Moraes e Dino não comparecem ao plenário após sessão marcada por embates

Moraes e Dino não comparecem ao plenário após sessão marcada por embates

A primeira reunião do plenário do Supremo Tribunal Federal após a tensa sessão de terça-feira, 15, teve presenças diferentes do habitual nesta quarta-feira, 16. O ministro Alexandre de Moraes não compareceu presencialmente, enquanto o ministro Flávio Dino participou dos trabalhos de maneira remota. A ausência dos dois chama atenção especialmente porque ocupam assentos próximos ao ministro André Mendonça, figura central de alguns dos momentos mais acirrados do debate anterior, marcado por trocas diretas e divergências expostas entre os magistrados.

A sessão de terça-feira terminou sem definição sobre a possível abertura de investigação envolvendo Alexandre de Moraes, ficando para momento posterior a análise dos desdobramentos ligados ao Caso Banco Master. O clima de tensão que marcou aquele encontro pareceu repercutir na composição do plenário desde o início desta quarta. A proximidade física entre os ministros, que costuma dar visibilidade às interações, ficou alterada, sinalizando que as divergências não se encerraram com o encerramento da sessão anterior.
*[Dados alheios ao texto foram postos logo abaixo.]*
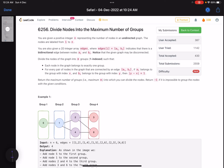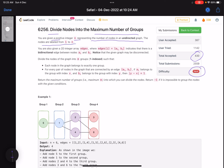Hello everyone, hope you are doing well. In this video we'll discuss the last problem of LeetCode weekly contest 322. It's a hard level problem and a very good problem to solve. The accuracy is pretty low as well. The problem name is 'Divide Nodes into the Maximum Number of Groups'.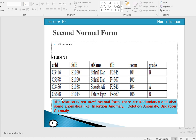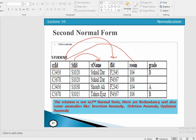We have another 2NF example. A class relation has course ID and student ID as the composite primary key, with student name, faculty ID, room, and grade. Checking for partial dependencies: student ID alone determines student name; course ID alone determines faculty ID and room. These are partial dependencies. Student ID and course ID together determine grade — that is a full functional dependency, which is acceptable. Since partial dependencies exist, this relation is not in 2NF.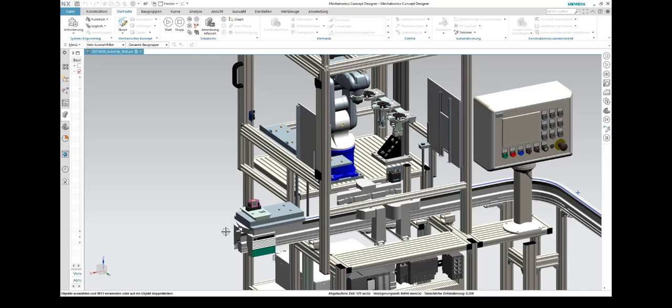The simulation can now be started again in NX MCD via the restart button, and a new assembly cycle will run.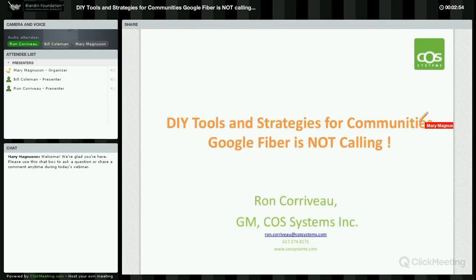Well, thank you, Bill. I really appreciate the opportunity to talk to some great folks that are undertaking very important community-focused efforts at improving their internet infrastructure. I'm working with similar projects in a lot of communities around the country and working with my own community here in Newport, Rhode Island, trying to get a community network off the ground. So I'm not just familiar with tools and technologies based on our products, but I'm also familiar with the challenges that a community faces trying to improve the internet infrastructure.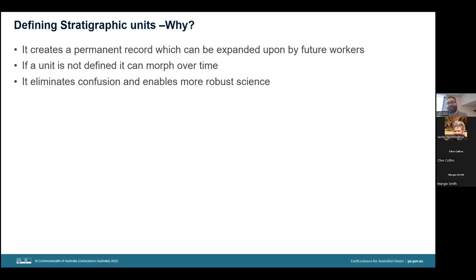This is so that we can create a permanent record of our science to be expanded upon for decades to come. Conversely, if we haven't defined a stratigraphic unit, it can create confusion, and the unit can actually morph over time, particularly in its lithology. Ultimately, what the original worker meant by a particular formation can become totally lost in the process. We do this because we want to eliminate any confusion and enable more robust science, not just for ourselves but for the broader community. A minimal definition will always be superior to no definition at all, as a defined unit has recognition and formal priority.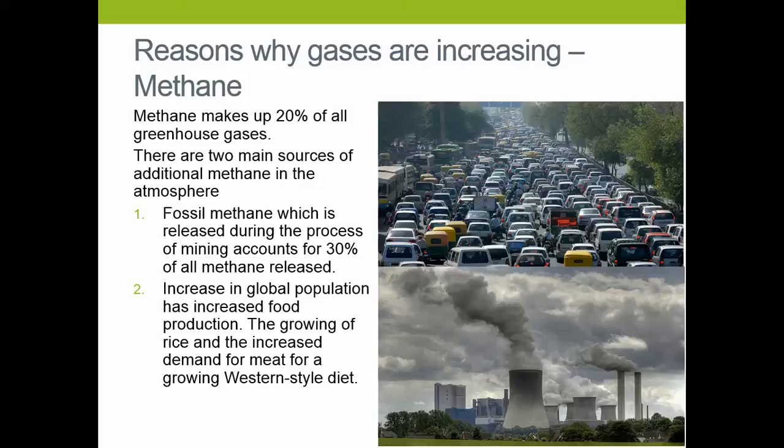The second thing is that as our global population goes up, our food production is going up with it. Food production leads to two things: number one, growing more meat, which leads to increased methane output due to the farming of more cattle; and secondly, increased population in areas of Southeast Asia leads to increased rice production, and the growing of rice leads to high levels of methane release. So these two main problems are causing more recent climate change.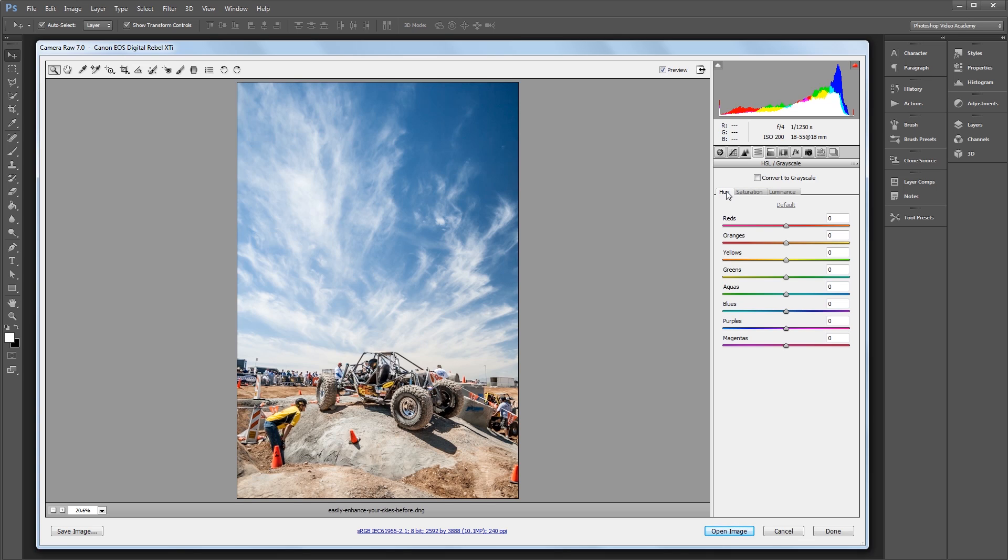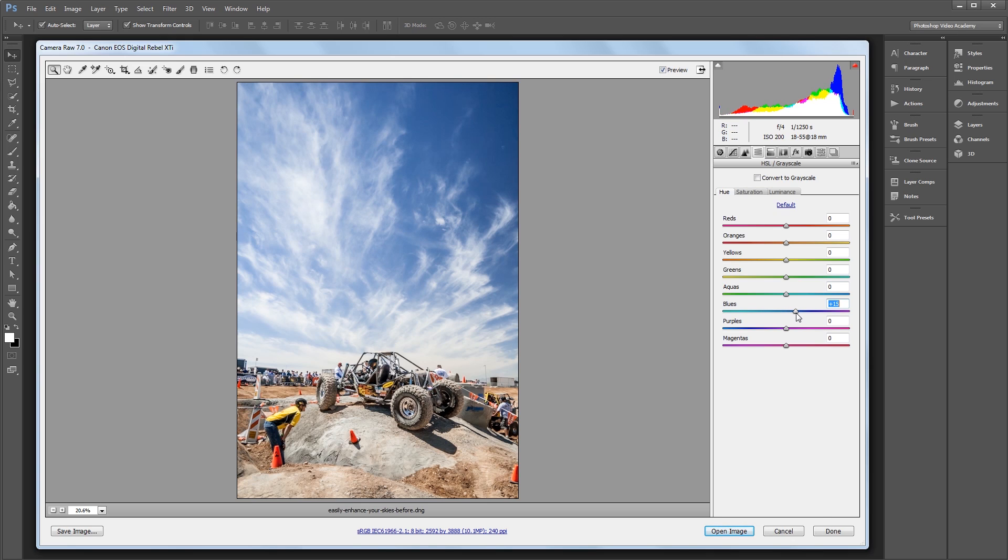So since the sky is blue and everything else is pretty much another color, it's going to be really easy to affect only the sky. So I want the sky to be a little more purple, so I'm going to come down to my blue slider since I want to affect only what's blue in my image, and I'm going to drag that to the right just a bit, maybe about 15.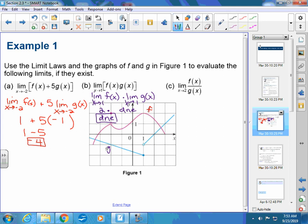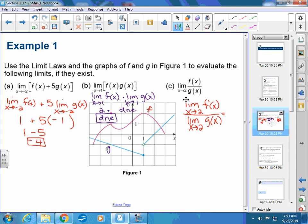Going back to that statement: suppose that C is a constant and that these limits exist. If one of them does not exist, you cannot do the problem. The next example: the limit as X approaches 2 of F of X divided by G of X equals the limit of F of X over the limit of G of X at X approaches 2. F of X approaches 1.5 and G of X at 2 approaches 0. You can't divide by zero, so this does not exist either.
Outro detalhe que chamou a atenção foi a postura do ministro Gilmar Mendes. Ele chegou ao edifício-sede da Corte e inicialmente sinalizou que acompanharia os trabalhos de forma remota, deixando o prédio. Pouco tempo depois, porém, retornou e passou a participar presencialmente da sessão. A movimentação foi observada por profissionais da imprensa e reforça a sensação de que o ambiente interno segue em fase de ajustes, com decisões tomadas em tempo real e em sintonia com a evolução dos acontecimentos.

Já o ministro André Mendonça compareceu normalmente ao plenário, cumprindo sua rotina de trabalho um dia após ser protagonista de confrontos públicos com colegas. A presença dele no local onde as discussões mais intensas se desenrolaram foi vista como um sinal de que pretende manter sua participação ativa nos debates. A postura contrasta com a de outros ministros e demonstra disposição em seguir conduzindo os processos sob sua responsabilidade, independentemente da atmosfera institucional.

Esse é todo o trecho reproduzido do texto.